In Search of the Kernel
Previous: Linux Kernel: Introduction
Imagine that you were designing a computer that would be used for a multi-user OS like Linux. You've set your CPU with a 32 bit address space, so it can, in theory, reach 2^32 bytes (4 GB) of physical memory. You know that very often the CPU will be working with far less real memory, and you also know that while you could just avoid the whole concept of protecting memory in hardware, doing so wouldn't lead to a very stable OS, so you want to add some features to help out. What might you do?
If you have any sort of a software background at all, the concept of indirection immediately comes to mind. Rather than having the CPU directly access physical memory, make it so that each address is really a pointer. An analogy is the Unix inode structure: an inode contains pointers to disk blocks that contain actual file data. When a Unix program gets the inode number of a file, it reads data from a fixed size table (the inode table) and from that information, determines what disk blocks to read next. Note that the inode also contains permission information: if the program doesn't have the right credentials, it won't get access to the disk blocks.
You could apply the same concept to your CPU: a table that would contain both permissions and access to real physical memory locations. So, even though your CPU wants to access a specific address, your design forces that address to be be both checked and translated by this table. Our table takes care of both problems: we can check permissions (more on just how we'd do that later), and we can handle lack of physical memory. There's some details to be worked out, but the grand concept is there. Where do you put such a table? In memory, of course, but we just said that access to memory will be controlled by that table that we don't have yet. That's a circular trap, and there are only a couple of ways out of it:
- We could have an initial table with some well known addresses set up automatically by the CPU initialization. That table could be used while we setup the table we really want to use.
- We could do the same thing with the table stuck in ROM.

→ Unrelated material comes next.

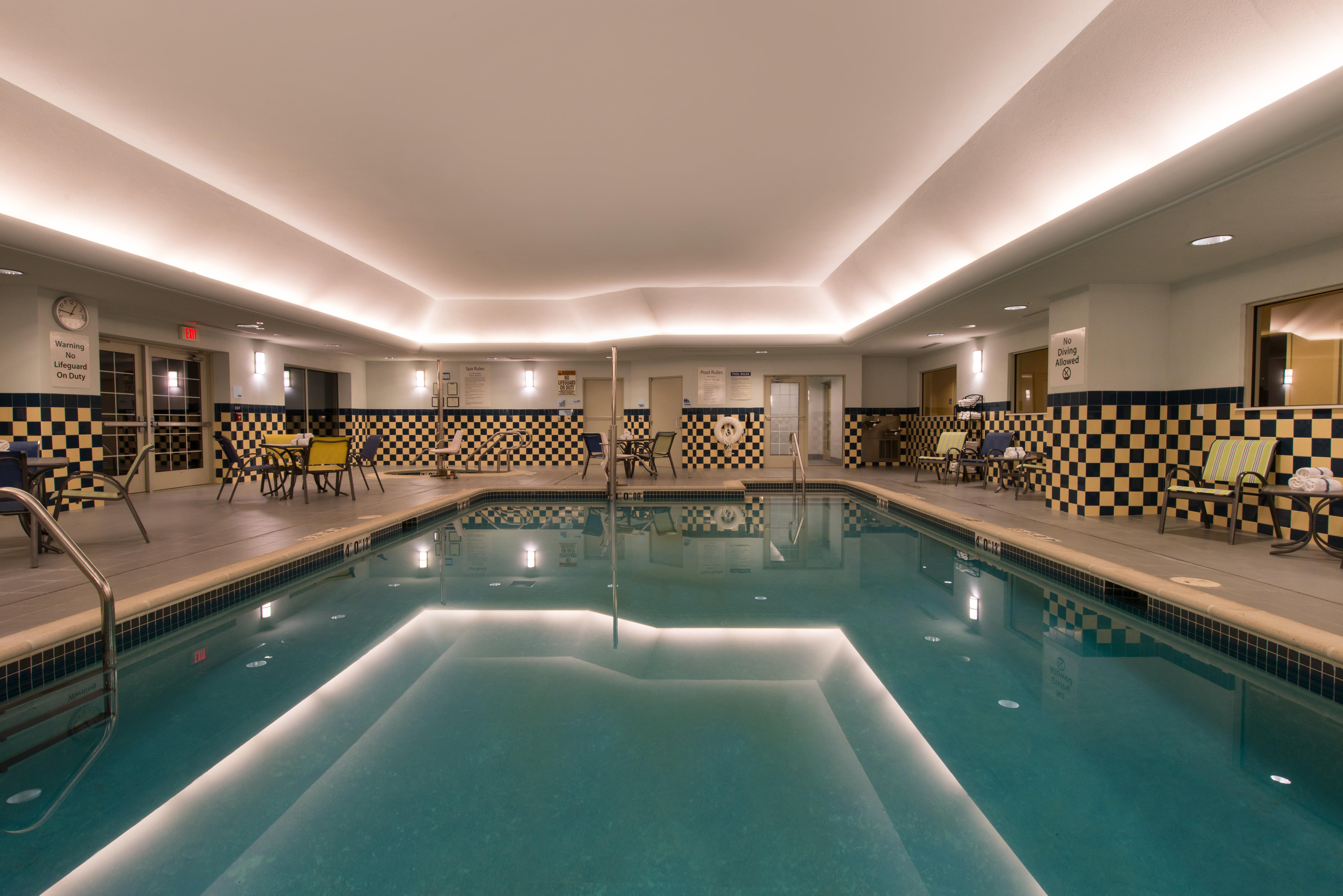 Holiday Inn Express And Suites Dickson City By Ihg Bagian luar foto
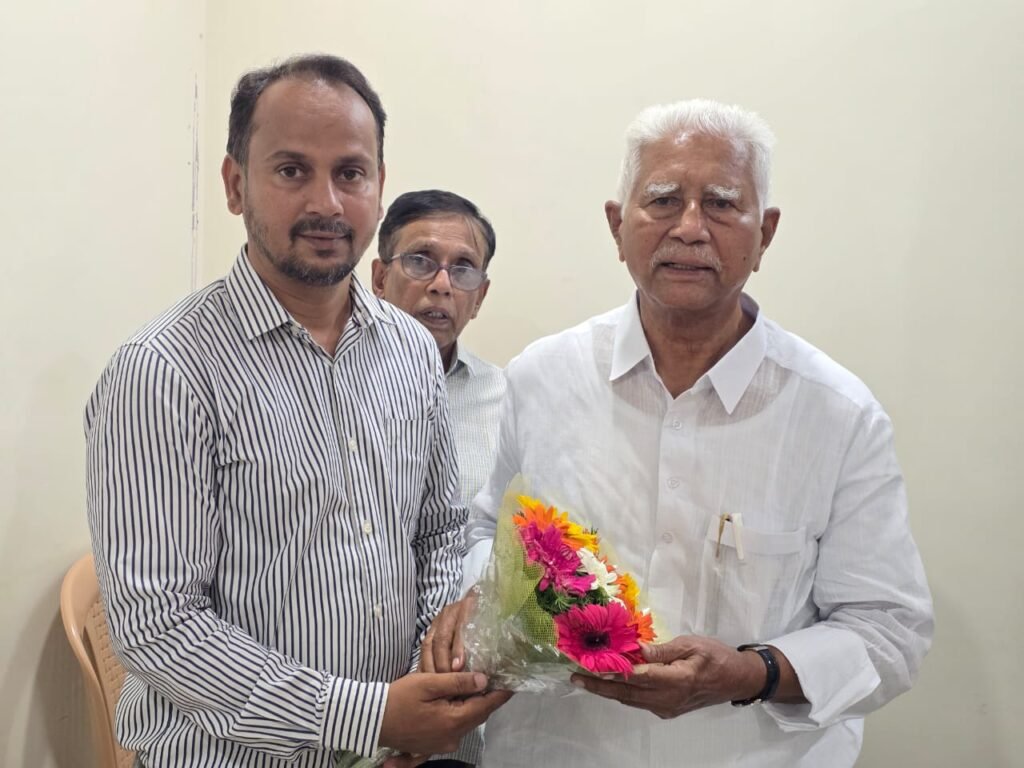 ఎమ్మెల్యేలను కలిసిన నూతన ఎన్‌ఫోర్స్‌మెంట్ డిప్యూటీ తహసిల్దార్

- We could have the CPU start up in a mode that doesn't use such address translation, and switch to that mode later. This is what Intel CPU's do; the non-table mode is called "real" mode; after switching, we're in "protected" mode.
Let's not worry too much about the details of that table just now, but we ought to define some terms. Because the entries in that table describe how and where we access memory, let's call the entries "descriptors" (another good reason is that is what Intel calls them!). The entries describe memory, so we call them descriptors, and therefore the table must be a Descriptor Table.Our CPU should have a register that tells it where in memory to find the table, so we'll call that (as Intel does), the Global Descriptor Table Register, or GDTR. Obviously we'd fill our table with the protection bits and pointers we want, stick the starting address in the GDTR, and then make the magic switch to protected mode.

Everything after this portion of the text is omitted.